*About this exercise*:
Beginning at the top of the listing, repeat each line exactly until the line with "Building Photo - 9 Watch Hill Cir" has been repeated too.

----

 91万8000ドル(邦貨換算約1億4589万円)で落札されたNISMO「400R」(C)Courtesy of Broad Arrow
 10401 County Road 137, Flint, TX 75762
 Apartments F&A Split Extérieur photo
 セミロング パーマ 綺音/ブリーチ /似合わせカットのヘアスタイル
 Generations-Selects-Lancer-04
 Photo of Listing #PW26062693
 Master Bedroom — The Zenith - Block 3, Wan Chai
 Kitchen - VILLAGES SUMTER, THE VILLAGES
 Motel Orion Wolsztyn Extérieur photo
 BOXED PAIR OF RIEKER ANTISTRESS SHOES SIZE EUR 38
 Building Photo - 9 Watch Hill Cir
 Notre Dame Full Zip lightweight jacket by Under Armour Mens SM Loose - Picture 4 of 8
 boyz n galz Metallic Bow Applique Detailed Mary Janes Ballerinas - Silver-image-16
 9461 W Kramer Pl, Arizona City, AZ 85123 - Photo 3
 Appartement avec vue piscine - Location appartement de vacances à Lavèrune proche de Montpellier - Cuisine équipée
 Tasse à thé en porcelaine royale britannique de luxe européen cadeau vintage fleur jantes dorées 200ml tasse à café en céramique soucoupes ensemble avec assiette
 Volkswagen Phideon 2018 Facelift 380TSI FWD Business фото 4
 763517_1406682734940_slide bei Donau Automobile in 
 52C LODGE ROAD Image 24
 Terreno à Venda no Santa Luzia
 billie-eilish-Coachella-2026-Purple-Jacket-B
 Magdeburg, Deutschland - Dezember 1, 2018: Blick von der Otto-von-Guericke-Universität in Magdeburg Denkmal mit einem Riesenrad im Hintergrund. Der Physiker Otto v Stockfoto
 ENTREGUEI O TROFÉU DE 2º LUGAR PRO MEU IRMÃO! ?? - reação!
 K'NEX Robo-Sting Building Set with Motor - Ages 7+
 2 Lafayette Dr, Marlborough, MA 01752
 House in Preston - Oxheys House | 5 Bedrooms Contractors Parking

----

*Task output*:
 91万8000ドル(邦貨換算約1億4589万円)で落札されたNISMO「400R」(C)Courtesy of Broad Arrow
 10401 County Road 137, Flint, TX 75762
 Apartments F&A Split Extérieur photo
 セミロング パーマ 綺音/ブリーチ /似合わせカットのヘアスタイル
 Generations-Selects-Lancer-04
 Photo of Listing #PW26062693
 Master Bedroom — The Zenith - Block 3, Wan Chai
 Kitchen - VILLAGES SUMTER, THE VILLAGES
 Motel Orion Wolsztyn Extérieur photo
 BOXED PAIR OF RIEKER ANTISTRESS SHOES SIZE EUR 38
 Building Photo - 9 Watch Hill Cir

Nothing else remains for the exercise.